Oral Surg Oral Med Oral Pathol Oral Radiol. 2015 Dec;120(6):717-24

Authors: Zhao M, Zheng R, Jiang J, Dickinson D, Fu B, Chu TC, Lee LH, Pearl H, Hsu S

Abstract
OBJECTIVE: Previous in vitro and in vivo studies indicated that catechins from the tea plant (Camellia sinensis) have a therapeutic effect on herpes simplex virus infections. The aim of this study was to clinically evaluate a topical proprietary formulation containing lipophilic catechins (AverTeaX, Camellix, LLC, Evans, GA, USA) on recurrent herpes labialis.
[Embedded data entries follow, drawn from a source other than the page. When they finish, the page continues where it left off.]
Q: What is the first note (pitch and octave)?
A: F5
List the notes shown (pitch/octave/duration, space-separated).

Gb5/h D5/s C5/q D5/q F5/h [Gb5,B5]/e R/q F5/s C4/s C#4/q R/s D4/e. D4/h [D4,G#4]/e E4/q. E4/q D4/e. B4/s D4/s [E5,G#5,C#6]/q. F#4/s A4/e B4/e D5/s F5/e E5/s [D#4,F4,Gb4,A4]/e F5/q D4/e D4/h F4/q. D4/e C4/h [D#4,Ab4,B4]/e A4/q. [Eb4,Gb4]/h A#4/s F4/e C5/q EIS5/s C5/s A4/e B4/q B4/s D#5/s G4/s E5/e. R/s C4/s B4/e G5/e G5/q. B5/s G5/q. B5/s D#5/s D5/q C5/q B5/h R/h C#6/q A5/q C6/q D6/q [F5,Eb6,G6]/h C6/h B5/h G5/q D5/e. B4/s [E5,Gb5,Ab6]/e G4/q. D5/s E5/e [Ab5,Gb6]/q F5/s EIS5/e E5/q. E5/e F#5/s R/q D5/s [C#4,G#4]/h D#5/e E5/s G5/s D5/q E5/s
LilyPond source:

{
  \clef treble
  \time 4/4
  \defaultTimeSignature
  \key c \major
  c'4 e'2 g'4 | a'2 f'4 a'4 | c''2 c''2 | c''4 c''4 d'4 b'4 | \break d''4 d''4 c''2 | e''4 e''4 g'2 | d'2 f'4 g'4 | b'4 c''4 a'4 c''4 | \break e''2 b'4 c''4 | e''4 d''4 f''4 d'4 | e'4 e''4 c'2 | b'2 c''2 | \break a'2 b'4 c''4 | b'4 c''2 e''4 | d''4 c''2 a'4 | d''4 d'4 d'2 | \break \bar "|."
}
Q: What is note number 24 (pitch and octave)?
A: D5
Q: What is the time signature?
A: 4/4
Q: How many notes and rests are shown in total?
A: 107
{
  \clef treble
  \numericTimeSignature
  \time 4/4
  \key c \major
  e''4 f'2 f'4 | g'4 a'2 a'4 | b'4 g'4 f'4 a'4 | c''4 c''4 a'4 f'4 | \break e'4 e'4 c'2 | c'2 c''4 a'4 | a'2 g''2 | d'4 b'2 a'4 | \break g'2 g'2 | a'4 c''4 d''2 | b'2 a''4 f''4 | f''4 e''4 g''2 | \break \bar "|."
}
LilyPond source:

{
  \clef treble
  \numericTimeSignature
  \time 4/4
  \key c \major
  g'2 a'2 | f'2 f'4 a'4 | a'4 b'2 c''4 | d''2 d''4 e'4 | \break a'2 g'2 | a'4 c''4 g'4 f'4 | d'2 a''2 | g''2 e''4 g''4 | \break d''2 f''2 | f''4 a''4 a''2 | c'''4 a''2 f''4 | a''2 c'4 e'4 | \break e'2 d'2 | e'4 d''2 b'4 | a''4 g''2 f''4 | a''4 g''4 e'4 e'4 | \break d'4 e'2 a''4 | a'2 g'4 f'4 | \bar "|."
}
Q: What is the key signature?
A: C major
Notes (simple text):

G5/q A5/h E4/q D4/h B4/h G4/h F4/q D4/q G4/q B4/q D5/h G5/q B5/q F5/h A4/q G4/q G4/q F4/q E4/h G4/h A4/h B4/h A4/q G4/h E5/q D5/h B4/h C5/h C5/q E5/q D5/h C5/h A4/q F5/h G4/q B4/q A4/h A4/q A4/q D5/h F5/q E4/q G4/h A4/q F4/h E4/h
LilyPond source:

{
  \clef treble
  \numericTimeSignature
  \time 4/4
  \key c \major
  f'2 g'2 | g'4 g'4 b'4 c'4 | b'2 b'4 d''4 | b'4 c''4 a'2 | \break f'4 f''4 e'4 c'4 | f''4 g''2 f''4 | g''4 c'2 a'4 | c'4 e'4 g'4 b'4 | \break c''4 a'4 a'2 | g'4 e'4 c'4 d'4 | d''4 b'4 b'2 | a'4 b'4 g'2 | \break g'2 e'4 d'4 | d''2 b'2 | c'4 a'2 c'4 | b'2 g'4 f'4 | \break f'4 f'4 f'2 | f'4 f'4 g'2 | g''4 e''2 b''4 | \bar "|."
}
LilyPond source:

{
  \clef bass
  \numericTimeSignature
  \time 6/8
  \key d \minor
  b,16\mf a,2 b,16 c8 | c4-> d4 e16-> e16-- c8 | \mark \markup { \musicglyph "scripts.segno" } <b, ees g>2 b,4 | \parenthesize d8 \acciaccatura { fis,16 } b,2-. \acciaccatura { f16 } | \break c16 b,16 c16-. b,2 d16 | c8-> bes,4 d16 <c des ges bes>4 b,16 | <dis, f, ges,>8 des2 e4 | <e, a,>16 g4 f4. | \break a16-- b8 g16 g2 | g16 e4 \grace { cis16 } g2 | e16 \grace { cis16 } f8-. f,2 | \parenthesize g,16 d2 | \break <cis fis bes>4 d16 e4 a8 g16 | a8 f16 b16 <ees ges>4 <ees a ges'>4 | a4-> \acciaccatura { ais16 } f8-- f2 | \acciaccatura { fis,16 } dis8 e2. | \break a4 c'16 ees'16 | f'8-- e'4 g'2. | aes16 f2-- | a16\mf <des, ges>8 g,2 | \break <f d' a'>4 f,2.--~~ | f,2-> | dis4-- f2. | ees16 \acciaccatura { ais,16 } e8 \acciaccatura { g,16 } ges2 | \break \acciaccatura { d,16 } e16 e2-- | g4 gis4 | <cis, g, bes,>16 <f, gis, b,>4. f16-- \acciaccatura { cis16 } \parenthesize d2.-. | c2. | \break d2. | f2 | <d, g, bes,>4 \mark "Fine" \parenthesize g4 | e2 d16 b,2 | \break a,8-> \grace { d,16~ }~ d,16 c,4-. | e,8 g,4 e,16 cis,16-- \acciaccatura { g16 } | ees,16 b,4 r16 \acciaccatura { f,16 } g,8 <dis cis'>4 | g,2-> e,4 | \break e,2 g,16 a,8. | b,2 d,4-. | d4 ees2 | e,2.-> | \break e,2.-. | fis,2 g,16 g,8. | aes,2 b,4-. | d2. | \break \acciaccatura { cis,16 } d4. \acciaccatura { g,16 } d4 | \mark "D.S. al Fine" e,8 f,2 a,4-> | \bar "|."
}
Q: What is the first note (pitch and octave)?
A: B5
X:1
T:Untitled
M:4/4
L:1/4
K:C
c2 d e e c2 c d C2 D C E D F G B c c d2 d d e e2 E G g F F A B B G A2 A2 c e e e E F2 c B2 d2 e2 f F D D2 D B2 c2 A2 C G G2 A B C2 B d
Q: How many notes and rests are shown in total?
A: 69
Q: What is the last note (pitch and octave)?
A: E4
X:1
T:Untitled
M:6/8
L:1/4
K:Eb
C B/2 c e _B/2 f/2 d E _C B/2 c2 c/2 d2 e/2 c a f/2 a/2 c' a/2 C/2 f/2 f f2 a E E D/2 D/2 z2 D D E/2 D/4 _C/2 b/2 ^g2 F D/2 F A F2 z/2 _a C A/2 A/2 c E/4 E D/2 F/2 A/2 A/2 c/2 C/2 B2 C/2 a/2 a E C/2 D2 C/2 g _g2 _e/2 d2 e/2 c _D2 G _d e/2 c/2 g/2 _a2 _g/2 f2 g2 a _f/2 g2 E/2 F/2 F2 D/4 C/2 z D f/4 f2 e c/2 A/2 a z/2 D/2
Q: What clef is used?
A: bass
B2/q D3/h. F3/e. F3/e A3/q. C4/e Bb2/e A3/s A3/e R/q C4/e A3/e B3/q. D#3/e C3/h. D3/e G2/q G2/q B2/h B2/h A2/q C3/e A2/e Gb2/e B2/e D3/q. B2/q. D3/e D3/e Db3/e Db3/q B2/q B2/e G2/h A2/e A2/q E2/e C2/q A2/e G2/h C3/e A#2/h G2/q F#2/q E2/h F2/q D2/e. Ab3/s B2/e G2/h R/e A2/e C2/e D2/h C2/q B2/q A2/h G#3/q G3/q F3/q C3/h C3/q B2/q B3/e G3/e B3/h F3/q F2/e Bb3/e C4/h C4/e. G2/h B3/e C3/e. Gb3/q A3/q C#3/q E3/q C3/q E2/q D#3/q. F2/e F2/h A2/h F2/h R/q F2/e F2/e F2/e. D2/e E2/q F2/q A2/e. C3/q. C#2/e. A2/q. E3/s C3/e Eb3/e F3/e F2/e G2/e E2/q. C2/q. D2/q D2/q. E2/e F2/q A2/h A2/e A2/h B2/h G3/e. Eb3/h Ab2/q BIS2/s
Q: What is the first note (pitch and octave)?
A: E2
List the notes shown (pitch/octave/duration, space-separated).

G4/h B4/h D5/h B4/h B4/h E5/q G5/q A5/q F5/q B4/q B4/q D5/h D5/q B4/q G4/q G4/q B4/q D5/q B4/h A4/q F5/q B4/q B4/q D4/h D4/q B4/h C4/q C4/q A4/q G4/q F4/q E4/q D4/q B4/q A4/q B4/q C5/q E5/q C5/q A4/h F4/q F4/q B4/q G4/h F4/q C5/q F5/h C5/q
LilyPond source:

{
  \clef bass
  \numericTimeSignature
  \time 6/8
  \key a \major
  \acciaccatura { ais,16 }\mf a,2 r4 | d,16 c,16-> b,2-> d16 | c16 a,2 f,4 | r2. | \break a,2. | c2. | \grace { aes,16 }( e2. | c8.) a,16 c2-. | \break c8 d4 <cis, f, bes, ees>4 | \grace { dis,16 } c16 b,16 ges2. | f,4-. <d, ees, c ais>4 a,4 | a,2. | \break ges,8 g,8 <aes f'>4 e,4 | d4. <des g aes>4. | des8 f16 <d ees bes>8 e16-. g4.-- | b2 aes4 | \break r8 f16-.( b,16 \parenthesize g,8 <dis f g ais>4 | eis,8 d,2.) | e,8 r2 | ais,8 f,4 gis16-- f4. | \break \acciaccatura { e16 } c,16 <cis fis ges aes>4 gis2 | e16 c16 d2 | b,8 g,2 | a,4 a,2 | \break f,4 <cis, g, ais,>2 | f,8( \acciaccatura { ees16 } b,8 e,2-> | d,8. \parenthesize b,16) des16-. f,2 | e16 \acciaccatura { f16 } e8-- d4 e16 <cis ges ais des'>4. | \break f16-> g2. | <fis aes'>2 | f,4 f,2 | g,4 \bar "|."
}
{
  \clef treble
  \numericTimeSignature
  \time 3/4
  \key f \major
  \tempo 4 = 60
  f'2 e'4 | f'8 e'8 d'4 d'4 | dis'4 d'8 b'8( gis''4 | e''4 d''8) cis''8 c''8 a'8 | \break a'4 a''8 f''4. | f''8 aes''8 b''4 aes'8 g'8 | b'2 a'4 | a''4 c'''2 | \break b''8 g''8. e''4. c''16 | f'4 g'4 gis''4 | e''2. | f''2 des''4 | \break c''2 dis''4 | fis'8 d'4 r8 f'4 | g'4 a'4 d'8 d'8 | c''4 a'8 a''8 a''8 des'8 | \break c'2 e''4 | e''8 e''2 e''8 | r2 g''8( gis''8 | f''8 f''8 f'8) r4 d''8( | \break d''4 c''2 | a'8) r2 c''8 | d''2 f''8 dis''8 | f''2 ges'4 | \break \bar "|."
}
STUDY DESIGN: A double-blind, placebo-controlled, randomized trial with 40 participants, initially in two groups.
RESULTS: Compared with the vehicle (100% glycerin USP, CVS Pharmacies, Inc., Woonsocket, RI, USA) group, AverTeaX applied topically six to eight times daily resulted in a significant reduction in clinical episode duration (median 4.5 days vs. 9 days; P = .003) and shortened blistering and ulceration stages within an episode from a median of 3 days to 1 day (P = .0003). Median quality-of-life scores, based on a multiquestion survey, showed significant differences between the groups with respect to duration of itching, from a median of 4 days to 1 day (P = .0021), and duration until symptom free, from a median of 8 days to 4 days (P = .0016). Significant differences were not found for median scores for itching, pain, burning, swelling, bleeding, and stress. Adverse effects were not reported.
CONCLUSION: AverTeaX formulation containing lipophilic catechins effectively inhibited herpes simplex labialis infection with clinical significance.